Saturday, September 11, 2010

Diffusion of Responsibility at the National Level

From the Pateman reading, according to theorists like Rousseau, Mill, and Cole, the participatory theory of democracy states that civic participation at lower community-level spheres such as the workplace encourages face-to-face deliberation and other democratic practices that can be carried on and continued in the national political arena. Proponents of this theory believe that participation according to this logic has an educative function - it allows the public to gain democratic skills and because of this educative impact, the system will always have stability seeing that people will understand that participation/deliberation is key in decision making for the public interest (and the public interest includes one's own self-interest; we cannot be successful without the cooperation and consideration of everyone else).

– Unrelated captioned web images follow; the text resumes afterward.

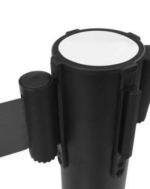 Poste Separador com fita extensível - Image 2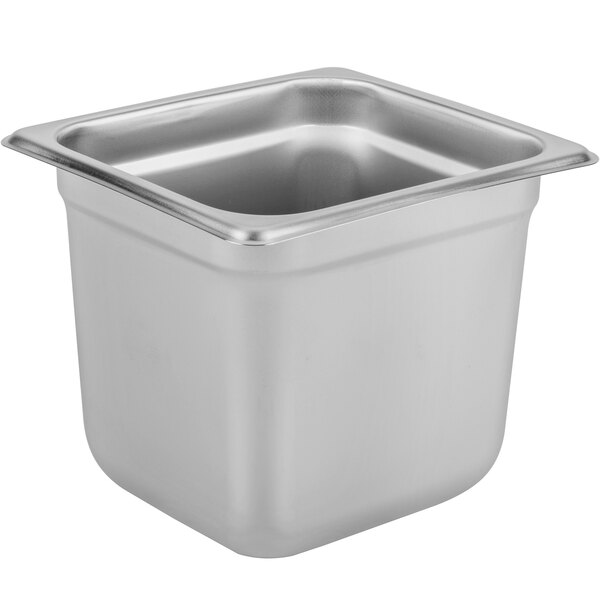 product_small_img1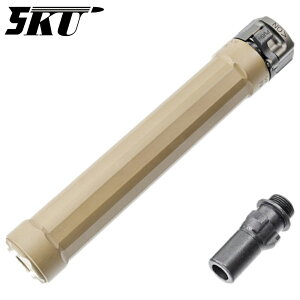 5KU Ryder 9-MP5^Cv TCT[ TAN tbVnC_[t (X^_[h }C / CYMA MP5Ήj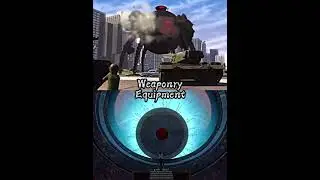 Omnidroid v.10 vs. Robot Probe #vsbattle #vsvideo #vsbattles #debate #vsedit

What is difficult for me to accept and understand is how small community-leveled participation can still exist at its active and maximum extent at a larger national level. The theorists presume that because participants are now educated in knowing that participation is key to a working democratic system that this knowledge will always be impressed in them no matter the size of the political arena. But what citizens might also learn through participation at the community level is that there are others who share their perspectives and even with potential competing views, a consensus can still be made. In light of this, citizens may believe then that at the national level there will be an even larger number of those with similar perspectives who can represent their shared ideals and therefore, we as individuals may not feel the same obligation to participate as heavily as we did in smaller spheres. It seems to be impractical for more large-scale democracies to have this face-to-face deliberation because people cannot help but consider others as tools of convenience. There is a diffusion of responsibility when the arena becomes bigger. People will assume that there are plenty of others who will compensate for their lack of participation, and they will leave it to those who may naturally be more interested and engaged in the matter. Even if one has learned that our individual contribution is necessary at the lower level, it does not automatically become instilled in one's mind when the arena is larger. In a smaller community, participation may feel necessary because it is easier to assign responsibility when there are not as many people; people may tend to loser motivation to actively participate once in a larger democratic sphere because responsibility is not explicitly distributed as easily,and one can hide behind their lack of participation behind others' active engagement. I am not suggesting that the participatory theory is wrong, only that is may be more difficult in practice than the theorists illustrate on paper, and that meaningful contributions to decision making can still occur at the national level but maybe not by every individual.